Nestled into the far end of a 30m long suburban garden in Uxbridge, west London, with its highly stylized form and lively materials palette, Uxbridge Bower is a granny annexe like no other.
Designed by Bureau de Change to provide fully accessible discrete living quarters for the client’s mother and grandmother when she visits from native Greece, the new annexe offers both privacy and connection, enabling intergenerational living when the three generations come together in London.
The single storey 30 sqm pavilion is compact in its design adhering to the height and mass restrictions stipulated by permitted development. It features a bedroom space facing onto the garden and an adjoining private ensuite, as well as cleverly integrating and concealing garden storage at the rear. It is sited and designed to be connected to and accessed via the existing property’s garden.
“Its design borrows from Art Deco of the local area, a decorative style of bold geometric shapes and bright colors, often characterized by low relief and stepped decorative panels around entrances and windows and roofs”.
Uxbridge Bower has a hexagonal plan, a design strategy to minimize the mass of the pavilion whilst creating heightened drama through a series of columns which frame each elevation. This series of columns is read as a continuous line which runs seamlessly into the flat roof. Three of the elevations are glazed, fitted with sliding doors, offering a view of the garden, and a projecting veranda creates a sheltered shared space where three generations of the family can congregate.
Uxbridge Bower is built with CLT and is finished with textured render and bush hammered terrazzo which lines the openings of the veranda. The inner elevationsof the columns and the underside of the ceiling in the veranda are painted in a warm ochre so that it glows in all seasons.
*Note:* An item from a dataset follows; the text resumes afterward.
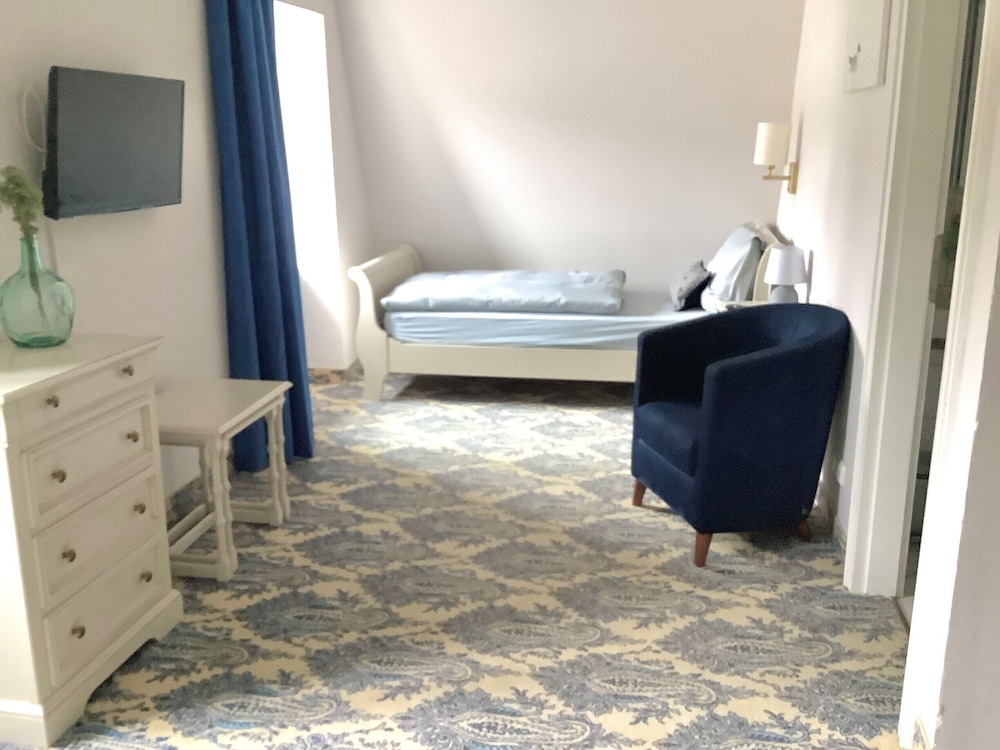 Twin Room, 2 Twin Beds, Non Smoking, Private Bathroom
Title: Uxbridge Bower, Typology: Residential extension, Location: Uxbridge – London Borough of Hillingdon, Architecture: Bureau de Change, Structural engineer: Element structures, Contractor: STEC Construction, Gross internal area: 30 m², Status Completed: 2023, Text description: Bureau de Change, Photography: Gilbert McCarragher
About Bureau de Change Architects:
Bureau de Change is an award winning architecture practice founded by Katerina Dionysopoulou and Billy Mavropoulos. Its work is a direct product of the founders’ upbringing, passions and experiences – combining the pragmatism and formality of their architectural training with a desire to bring a sense of theatre, playfulness and innovation to the design of spaces, products and environments. The result is a studio where rigorous thinking and analysis are brought to life through prototyping, testing and making.
The practice is celebrated for its highly inventive and playful private residences, which celebrate material, form and light, including Folds House, Haringey (2015); Step House, Hampstead (2018); Frame House, Clapham (2020); and the Long House in the Cotswolds (2020); as well as richly textured commercial projects such as The Interlock, Fitzrovia (2019), The Gaslight, Fitzrovia (2020), Black Kite Studios, London, a customised studio fit-out for independent special effects and design agency Black Kite (2022) and The Trampery studios at Fish Island Village (2022). The practice has won numerous awards, including FX Breakthrough Talent of the Year 2016, The Sunday Times Architect of the Year Award 2019 and a Design Week Award (Black Kite Studios) in 2023.